Scenic designer Charlie Corcoran has created one of the company’s most memorable sets in which to place the spirited and tragic action. In the limited space of the compact stage, with the use of a revolving set, Corcoran has created the living room of a tenement dwelling in Dublin, a bar (public house), and an exterior outside the building wall, and yet another living room. The right wall of the theater is lined with make-believe windows to add flavor and breadth.

The play starts in November of 1915, and then moves on to the Easter Uprising in 1916, when the famed rebellion materializes. The play’s title is derived from the flag of the Irish Citizen Army. There is a meeting we hear taking place outside the public house as background against which the lives of the characters unfold and the street battle escalates.

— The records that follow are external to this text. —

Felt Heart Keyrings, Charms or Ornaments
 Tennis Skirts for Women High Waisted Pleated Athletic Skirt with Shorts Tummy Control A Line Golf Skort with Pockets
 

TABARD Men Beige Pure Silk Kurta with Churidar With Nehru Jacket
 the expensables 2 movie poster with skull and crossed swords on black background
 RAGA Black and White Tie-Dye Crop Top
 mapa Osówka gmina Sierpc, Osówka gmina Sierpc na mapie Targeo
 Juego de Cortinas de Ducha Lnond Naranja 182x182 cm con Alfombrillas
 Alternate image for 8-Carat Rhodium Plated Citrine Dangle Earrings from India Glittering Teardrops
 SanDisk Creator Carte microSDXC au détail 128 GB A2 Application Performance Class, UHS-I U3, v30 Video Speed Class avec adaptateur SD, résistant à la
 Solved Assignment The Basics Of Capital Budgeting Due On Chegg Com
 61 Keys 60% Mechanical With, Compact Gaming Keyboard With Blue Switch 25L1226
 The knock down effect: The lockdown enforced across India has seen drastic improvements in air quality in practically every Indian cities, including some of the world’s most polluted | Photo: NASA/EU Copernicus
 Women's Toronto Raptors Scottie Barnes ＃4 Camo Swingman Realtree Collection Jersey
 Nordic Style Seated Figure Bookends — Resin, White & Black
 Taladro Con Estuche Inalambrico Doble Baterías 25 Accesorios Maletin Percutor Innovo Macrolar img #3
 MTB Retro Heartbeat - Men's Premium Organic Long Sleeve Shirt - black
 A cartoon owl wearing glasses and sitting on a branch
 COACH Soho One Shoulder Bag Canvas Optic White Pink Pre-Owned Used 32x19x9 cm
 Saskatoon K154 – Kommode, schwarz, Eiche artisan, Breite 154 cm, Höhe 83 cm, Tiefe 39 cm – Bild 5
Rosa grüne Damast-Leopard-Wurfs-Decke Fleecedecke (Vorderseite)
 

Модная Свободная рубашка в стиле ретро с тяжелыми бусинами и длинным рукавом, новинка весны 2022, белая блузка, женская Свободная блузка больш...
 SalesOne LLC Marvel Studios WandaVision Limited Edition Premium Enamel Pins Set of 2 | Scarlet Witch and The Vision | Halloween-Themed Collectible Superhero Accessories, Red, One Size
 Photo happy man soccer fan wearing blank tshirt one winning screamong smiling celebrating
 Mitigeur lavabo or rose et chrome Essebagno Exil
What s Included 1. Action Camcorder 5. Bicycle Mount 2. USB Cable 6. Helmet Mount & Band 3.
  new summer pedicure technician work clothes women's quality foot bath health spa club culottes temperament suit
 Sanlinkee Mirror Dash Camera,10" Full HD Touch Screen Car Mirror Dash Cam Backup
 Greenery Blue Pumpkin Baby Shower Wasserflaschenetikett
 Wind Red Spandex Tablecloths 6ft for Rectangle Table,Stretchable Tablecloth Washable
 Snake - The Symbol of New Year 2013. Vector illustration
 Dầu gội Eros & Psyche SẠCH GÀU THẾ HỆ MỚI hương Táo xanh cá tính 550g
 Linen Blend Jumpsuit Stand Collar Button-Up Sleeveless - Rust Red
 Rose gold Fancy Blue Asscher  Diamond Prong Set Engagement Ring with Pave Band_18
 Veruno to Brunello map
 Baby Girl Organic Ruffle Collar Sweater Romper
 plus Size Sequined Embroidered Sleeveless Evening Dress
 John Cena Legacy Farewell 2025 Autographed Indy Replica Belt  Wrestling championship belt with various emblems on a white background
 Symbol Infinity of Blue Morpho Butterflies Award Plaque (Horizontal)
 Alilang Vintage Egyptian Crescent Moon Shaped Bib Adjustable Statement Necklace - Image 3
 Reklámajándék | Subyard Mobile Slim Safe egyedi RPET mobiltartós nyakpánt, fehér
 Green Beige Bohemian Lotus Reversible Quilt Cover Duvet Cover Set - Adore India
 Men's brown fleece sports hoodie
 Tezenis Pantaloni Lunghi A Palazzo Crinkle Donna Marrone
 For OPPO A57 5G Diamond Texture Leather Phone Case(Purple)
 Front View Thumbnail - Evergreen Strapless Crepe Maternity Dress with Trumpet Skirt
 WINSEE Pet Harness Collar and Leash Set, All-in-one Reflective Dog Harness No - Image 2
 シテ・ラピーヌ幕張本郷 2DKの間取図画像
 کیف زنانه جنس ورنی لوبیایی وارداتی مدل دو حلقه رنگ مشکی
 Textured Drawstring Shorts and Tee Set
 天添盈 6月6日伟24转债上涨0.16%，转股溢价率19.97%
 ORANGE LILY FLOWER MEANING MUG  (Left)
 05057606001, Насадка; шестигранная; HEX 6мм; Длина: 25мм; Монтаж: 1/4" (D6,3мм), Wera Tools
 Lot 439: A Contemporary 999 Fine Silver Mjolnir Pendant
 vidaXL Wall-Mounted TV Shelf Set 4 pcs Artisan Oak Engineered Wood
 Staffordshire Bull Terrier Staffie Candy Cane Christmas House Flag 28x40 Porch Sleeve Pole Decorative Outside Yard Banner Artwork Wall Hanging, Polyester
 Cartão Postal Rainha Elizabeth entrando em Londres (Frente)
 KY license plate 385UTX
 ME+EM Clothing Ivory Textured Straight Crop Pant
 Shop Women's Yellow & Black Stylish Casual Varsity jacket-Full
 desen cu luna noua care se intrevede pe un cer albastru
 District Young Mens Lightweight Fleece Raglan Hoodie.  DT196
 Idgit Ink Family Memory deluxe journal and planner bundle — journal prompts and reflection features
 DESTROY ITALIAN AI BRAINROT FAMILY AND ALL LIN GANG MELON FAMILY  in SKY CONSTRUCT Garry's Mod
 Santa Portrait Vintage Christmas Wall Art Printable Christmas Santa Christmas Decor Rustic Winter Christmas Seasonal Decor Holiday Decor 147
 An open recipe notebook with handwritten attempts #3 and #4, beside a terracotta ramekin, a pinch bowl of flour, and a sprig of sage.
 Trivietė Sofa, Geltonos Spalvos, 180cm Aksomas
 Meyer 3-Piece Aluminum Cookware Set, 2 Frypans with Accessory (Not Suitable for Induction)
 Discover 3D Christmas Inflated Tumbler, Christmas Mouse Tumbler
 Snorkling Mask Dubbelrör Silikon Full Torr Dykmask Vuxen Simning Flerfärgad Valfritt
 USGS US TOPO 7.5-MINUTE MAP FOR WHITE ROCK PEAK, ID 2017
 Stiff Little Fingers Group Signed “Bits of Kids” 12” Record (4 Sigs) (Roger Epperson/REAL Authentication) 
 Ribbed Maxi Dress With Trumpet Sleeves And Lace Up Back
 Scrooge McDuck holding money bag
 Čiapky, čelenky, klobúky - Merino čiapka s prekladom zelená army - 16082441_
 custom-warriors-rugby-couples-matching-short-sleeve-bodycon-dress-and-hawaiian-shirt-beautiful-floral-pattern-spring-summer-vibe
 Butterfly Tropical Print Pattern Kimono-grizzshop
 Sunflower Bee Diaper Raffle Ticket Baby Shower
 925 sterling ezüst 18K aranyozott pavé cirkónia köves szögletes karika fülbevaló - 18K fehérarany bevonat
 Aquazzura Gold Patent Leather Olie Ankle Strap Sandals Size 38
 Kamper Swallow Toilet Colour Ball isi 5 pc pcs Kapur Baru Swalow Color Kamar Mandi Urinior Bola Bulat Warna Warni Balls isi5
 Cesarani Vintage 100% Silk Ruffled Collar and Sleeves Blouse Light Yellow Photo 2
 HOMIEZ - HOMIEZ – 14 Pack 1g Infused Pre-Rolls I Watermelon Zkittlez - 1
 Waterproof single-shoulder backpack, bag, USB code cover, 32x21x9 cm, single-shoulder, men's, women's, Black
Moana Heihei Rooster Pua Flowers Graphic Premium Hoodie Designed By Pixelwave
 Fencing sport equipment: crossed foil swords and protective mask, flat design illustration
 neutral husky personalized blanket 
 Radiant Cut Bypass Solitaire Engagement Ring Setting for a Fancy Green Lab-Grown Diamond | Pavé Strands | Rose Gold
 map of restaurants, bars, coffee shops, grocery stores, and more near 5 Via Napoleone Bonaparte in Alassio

Nora Clitheroe, played by Clare O’Malley, and Jack Clitheroe, portrayed by Adam Petherbridge, are central as a newlywed couple. Jack, a former member of the Citizen Army, is committed to the Irish rebel cause and when summoned feels duty-bound to do battle along with his comrades. But Nora passionately doesn’t want him to fight. She burns a military letter that was sent Jack, informing him of a promotion, which infuriates Jack when he learns of what she has done.

After Jack goes off to take part in the impending battle, Nora is beside herself with anger and frustration. When Jack is killed, she refuses to face the truth. She loses it mentally, and becomes increasingly hysterical in her thinking that Jack is alive. O’Malley can break one’s heart in the way in which she portrays this bereft Nora as a woman going to pieces.

(The accuracy of such a possibility struck a personal note for me. While working as a journalist years ago, I rented a room in a house in which the son, a fireman, drowned trying to save the lives of boys. His father, refusing to acknowledge the truth, would leave the house every day and say he was going to visit his son).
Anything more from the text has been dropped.